**What you are asked to do**
Lines from the one containing "photo de LEFT" through the final line of the records below are needed, copied exactly, with no pictures.

BEGIN Dataset

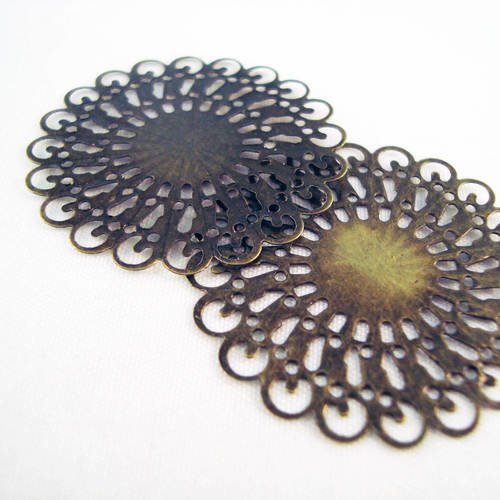 Lot de 2 connecteurs ronds fleurs soleil bronze 35mm de diamètre 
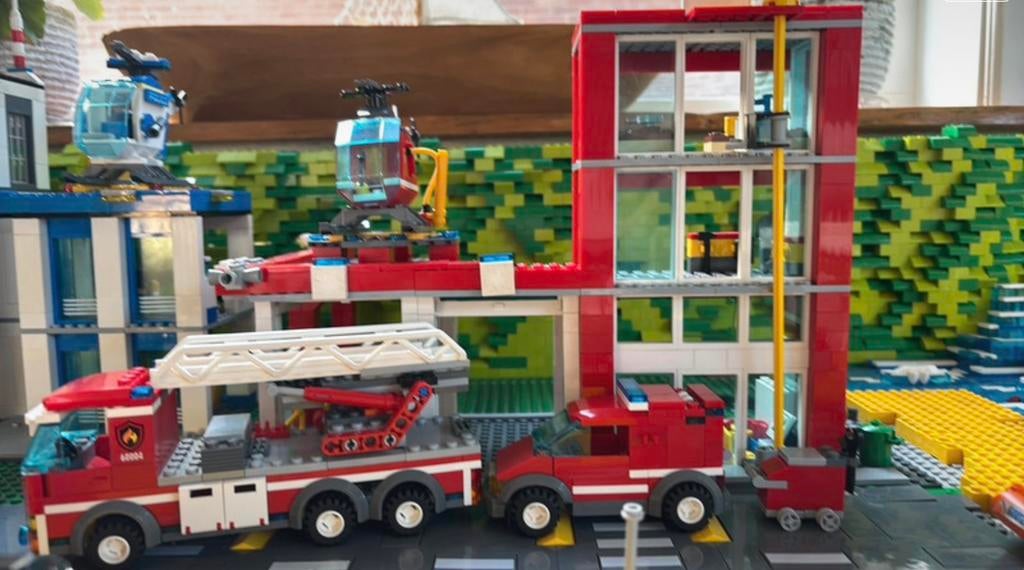 Lego 60047 brandweerkazerne, Lego, Ophalen of Verzenden, City, Gebruikt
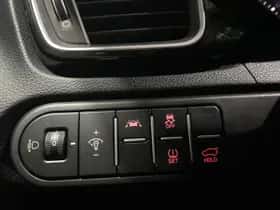 Kia XCeed (2022) thumbnail 16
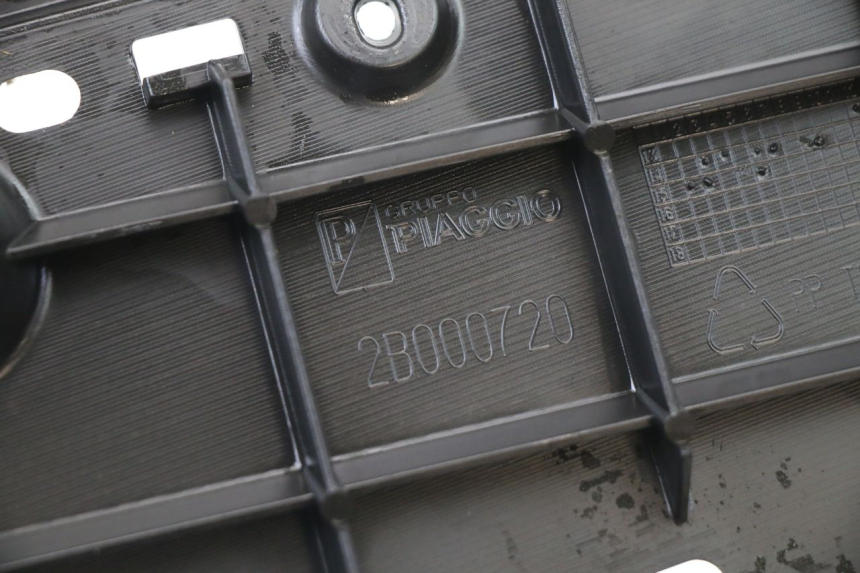 photo de LEFT FOOTREST PIAGGIO MP3 500 (2014 - 2016)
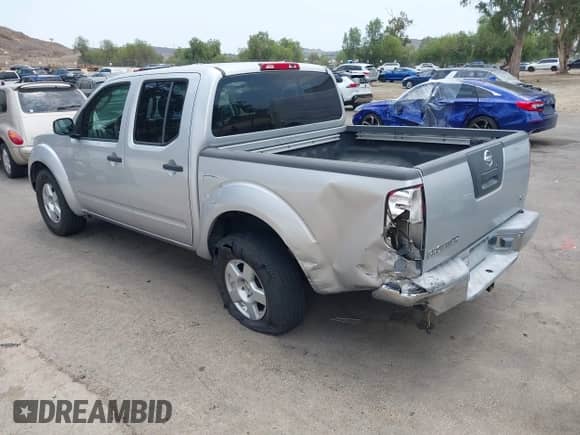 2006 Nissan Frontier SE с VIN 1N6AD07U56C459398, выставлен на аукционе IAAI как лот 42756580 с пробегом 145 988 миль миль и . История ставок и продаж доступна на DreamBid. Изображение 3.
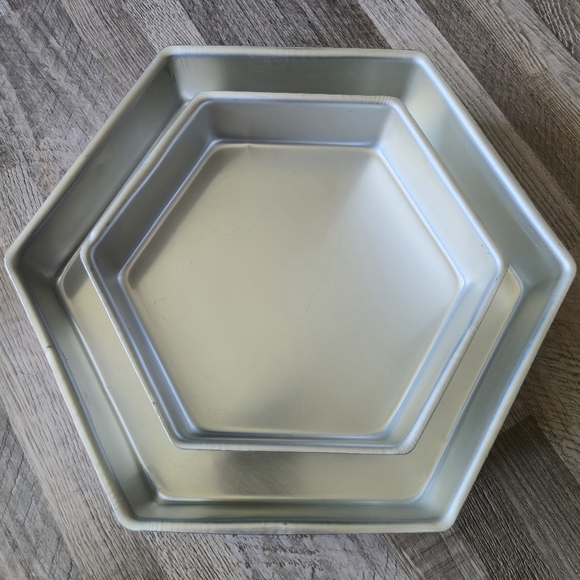 Wilton Other - Wilton Performance Pans Hexagon Cake Pan Set 9" 12" Aluminum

END Dataset

**Output below**
 photo de LEFT FOOTREST PIAGGIO MP3 500 (2014 - 2016)
 2006 Nissan Frontier SE с VIN 1N6AD07U56C459398, выставлен на аукционе IAAI как лот 42756580 с пробегом 145 988 миль миль и . История ставок и продаж доступна на DreamBid. Изображение 3.
 Wilton Other - Wilton Performance Pans Hexagon Cake Pan Set 9" 12" Aluminum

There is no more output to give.